Пускай в душевной глубине
Встают и заходят оне
Безмолвно, как звезды в ночи…
Слова китайской мудрости – звездный узор, вышитый в ночном небе самоуглубленной души. Загорятся ярче звезды слов-фрагментов – плотнее сгустится мрак небесных глубин. И чем проще эти слова, тем настойчивее взывают они к безмолвию премудрой души – бездонной и прозрачной, как само небо. Чем полнее наше присутствие в мире, тем больше мы скрыты от внешнего, ограниченного взора.
Так за видимой мозаичностью явлений истины таится сокровенная цельность духа, потаенный всечеловек, открытый всем ритмам Вселенной. Человек, одинаково непостижимый и внушающий непоколебимое доверие к себе, ибо он «не может быть», но именно по этой причине «не может не быть». Китайский подвижник Пути устраняет все привилегированные образы своего «я» и отождествляет себя прежде всего с телом, которое есть нечто не-мыслимое, нечто иное для мысли и одновременно предстает принципом плюрализма восприятий, вечного самообновления опыта и, что не менее важно, прообразом его цельности. Этот подвижник растворяет свет сознания в прахе бытия и несет в себе «потаенный свет» (выражение Чжуан-цзы).
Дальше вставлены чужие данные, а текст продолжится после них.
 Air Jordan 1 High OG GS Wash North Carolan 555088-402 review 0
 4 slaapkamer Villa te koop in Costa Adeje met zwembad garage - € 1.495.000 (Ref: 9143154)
Безмятежен покой, чиста радость китайского мудреца, предоставляющего совершаться в глубинах своей души неисчислимым чудесам жизни. Не доказательств и оправданий ищет он – ему нечего доказывать миру и не в чем оправдываться перед собой. Он событийствует с миром и, зная неизменность своих помыслов, доверяет непроглядным глубинам жизни. Он ценит свежесть чувства и точность выражения выше логики и абстрактных определений. Он может не отягощать себя знаниями и жить в «забытьи», не совершая ошибок, ибо свободен духом и, значит, всегда прав. Он сопричастен гармонии небесных сфер и вбирает в себя неисповедимую полноту жизненных свойств, как зародыш в утробе питается от материнского организма. А потому, как говорили в Китае, мудрый «радуется Небу и знает Судьбу».